_Task directions_. Skip the pictures and restate, word for word, the lines from the one containing "Vilë në Dubai" to the end of the data below.

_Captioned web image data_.
────────
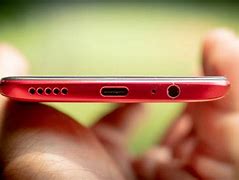 Image result for OnePlus 8 Headphone Jack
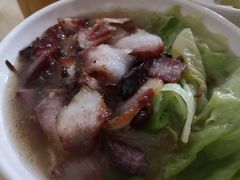 -伟文烧腊饮食(大润发店)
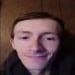 3Jim is Single in Pennington Gap, Virginia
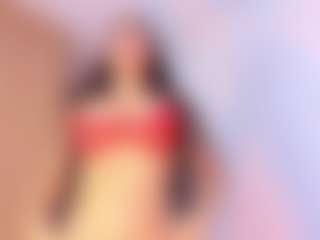 Ashlye Stone - Paula Baleta's Live Sex Cam Show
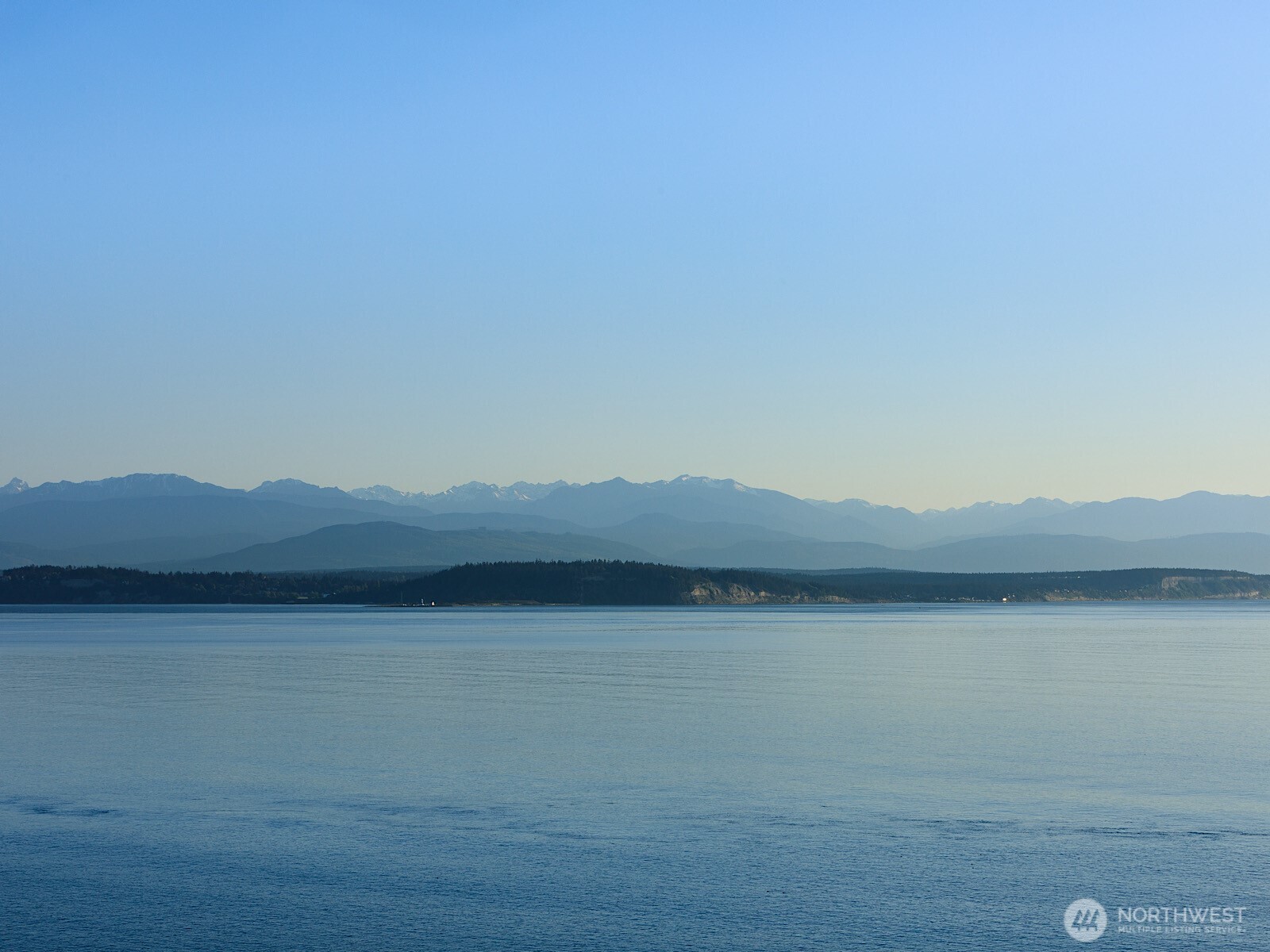 702 Cathedral Drive , Coupeville, WA 98239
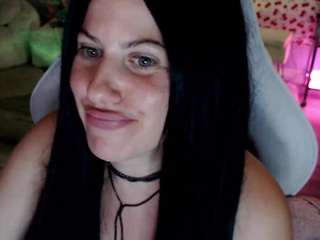 bellastar84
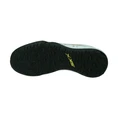 Skechers SKECHERS SKX_ 1.5 HIGH JR YOU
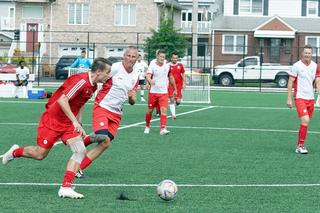 Memoriał Kazimierza Deyny 2024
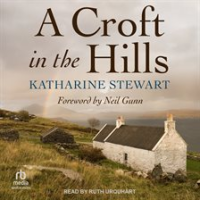 A_Croft_in_the_Hills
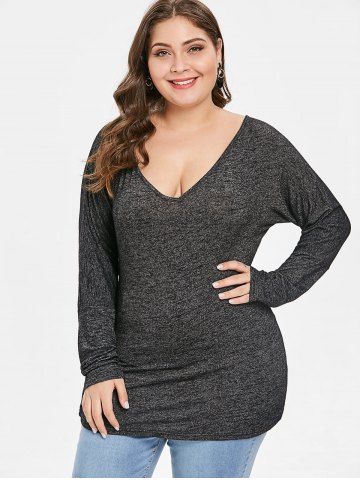 camiseta espalda descubierta
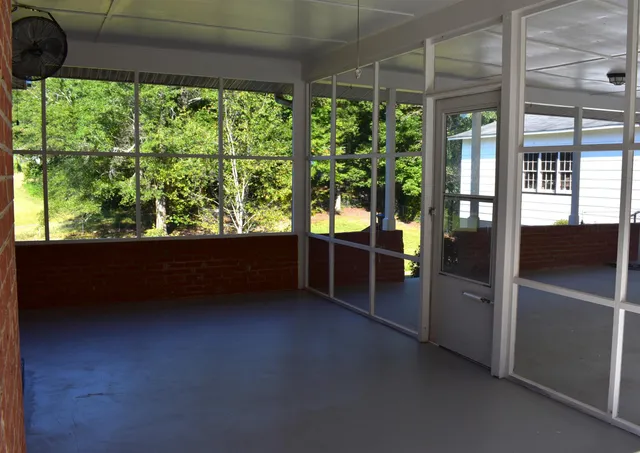 $287,900 | 150 Greenway Drive, Cowpens, SC 29330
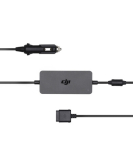 DJI FPV Car Charger – Portable 12V/24V Vehicle Charging Solution for FPV Drone Batteries
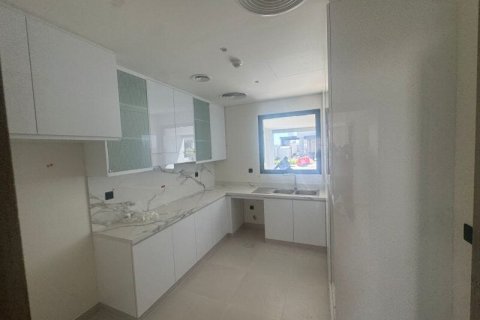 Vilë në Dubai Land, Emiratet e Bashkuara Arabe 3 dhoma gjumi, 282 m2. № 715685 - Foto 16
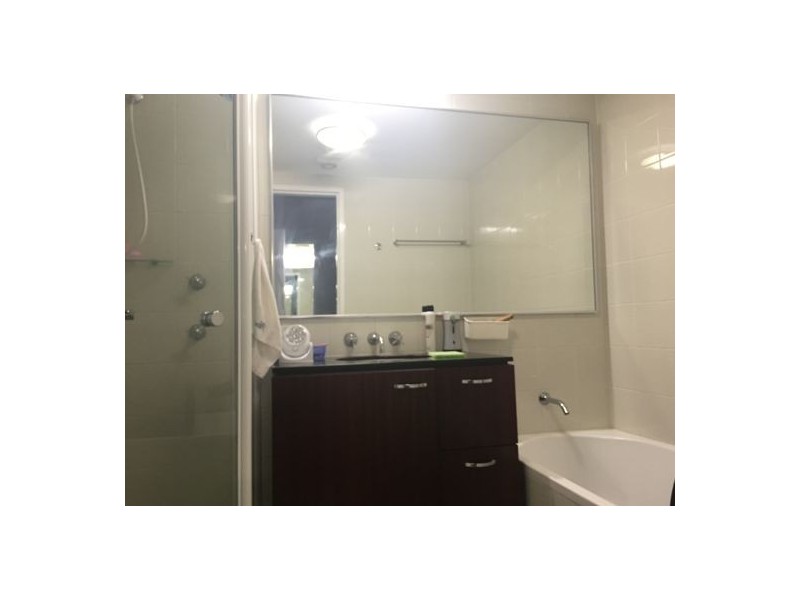 13/3 Devitt Avenue, Newington NSW 2127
────────
_Response_.
 Vilë në Dubai Land, Emiratet e Bashkuara Arabe 3 dhoma gjumi, 282 m2. № 715685 - Foto 16
 13/3 Devitt Avenue, Newington NSW 2127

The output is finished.